Był styczeń 1996 roku. Fotograf Charles O’Rear jechał własnie autostrada nr 121 do San Francisco. Do samochodu wrzucił średnioformatowy aparat Mamiya – pogoda, jak na zimę, była tego dnia świetna, słoneczne popołudnie dawało nadzieje na zrobienie po drodze ładnych zdjęć. Dodatkowo parę godzin wcześniej przez hrabstwo Sonoma w Kalifornii przetoczyła się ulewa, po której trawa zrobiła się intensywnie zielona. Charles zwrócił uwagę na ten kolor. Gdy mijał pagórek, zatrzymał się, zrobił cztery zdjęcia i odjechał. „Wszystko zmieniało się tak szybko” – wspominał potem gnające po niebie chmury. Choć fotografie
miały trafić do książki o lokalnych winnicach, po powrocie do domu wrzucił je do internetowej bazy zdjęć na sprzedaż.
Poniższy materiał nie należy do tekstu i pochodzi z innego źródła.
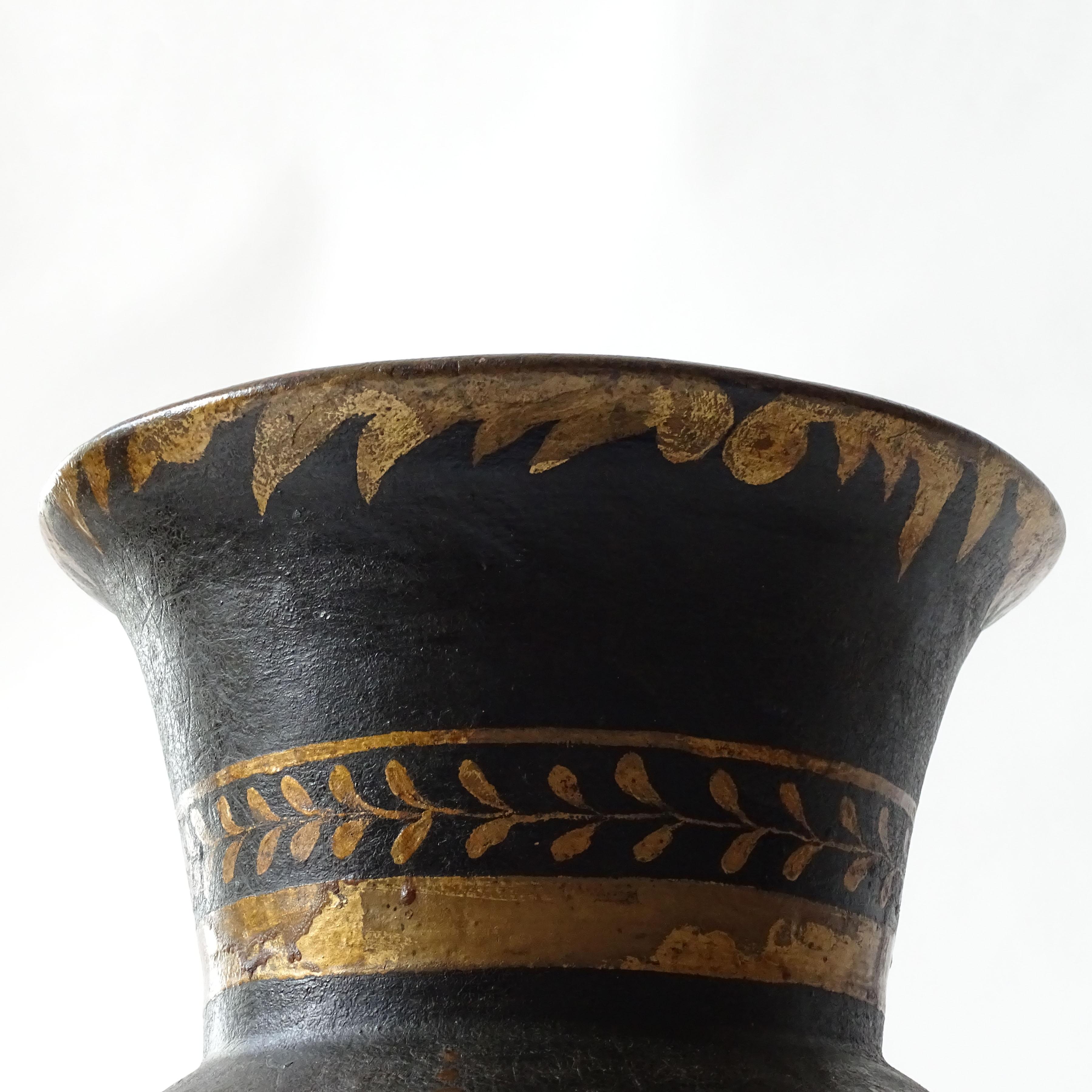 Monumentale italienische Vase aus den 1940er Jahren, Gold auf grün bemalter Terrakotta (Art déco) im Angebot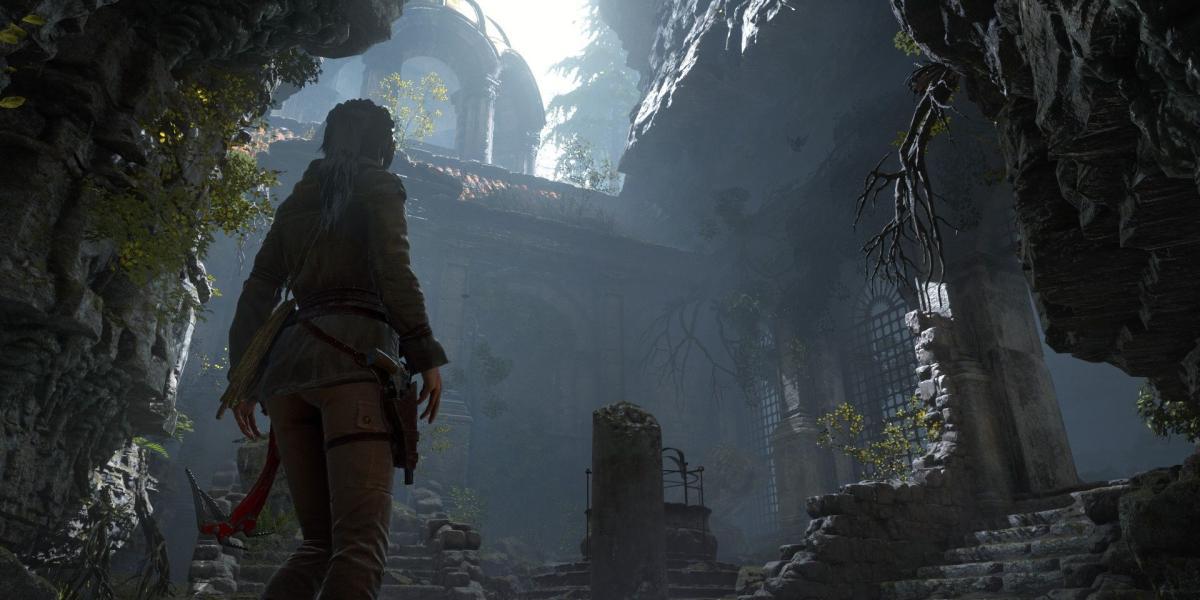 Lara Croft olhando as ruínas em Rise of the Tomb Raider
Microsoft odezwał się cztery lata później. O’Rear nie chce – i zgodnie z umową nie może – zdradzić, ile dostał za zdjęcie, które komputerowy gigant ochrzcił mianem „Bliss” (w polskiej wersji przetłumaczone jako „Idylla”). Przyznaje jedynie, że była to druga najwyższa w historii kwota zapłacona za pojedynczą fotografię. Tak wysoka, że żadna firma kurierska nie chciała się podjąć transportu negatywów – O’Rear musiał przewieźć je osobiście. Tonacy w zieleni kalifornijski pagórek stał się domyślną tapetą nowego systemu operacyjnego Windows XP.
Biorąc pod uwagę liczbę sprzedanych kopii, można zakładać, że trafił do mniej więcej miliarda komputerów osobistych. Autor zdjęcia twierdzi, że swoje dzieło widział m.in. w Białym Domu i północnokoreańskiej elektrowni atomowej. Choć nikt nigdy nie przeprowadzał takich badan, „Bliss” musi być najpopularniejszą
komputerową tapetą w historii.
KOMPUTER TO NIE BIURKO
Prawdopodobnie żadna inna tapeta nie doścignie w liczbie odsłon zdjęcia O’Reara, bo dekadę i kilka Windowsów później stosunek przeciętnego użytkownika do elektronicznej przestrzeni pracy znacznie się zmienił. – Pulpit naszego komputera to przestrzeń prywatna i jako taka pozwala na dość dokładną charakterystykę osobowości jednostki – mówiła kilka lat temu dziennikowi „The Daily Telegraph” psycholog Donna Dawson, niegdyś wykładowczyni akademicka, dziś zajmująca się doradztwem psychologicznym dla biznesu. Ona również znalazła się na liście płac Microsoftu, dla którego przed premiera Windows Vista przygotowała badania na temat personalizacji komputerów przez ich użytkowników. Analizując to, co widziała na ekranach pracowników biurowych, doszła do dość oczywistych wniosków. Zbyt wiele ikon na pulpicie świadczy jej zdaniem o braku zorganizowania, lecz gdy widnieją one uporządkowane w rzędy, sugerują potrzebę kontroli. Kolumny ikon po obu stronach ekranu to znak dążenia do harmonii.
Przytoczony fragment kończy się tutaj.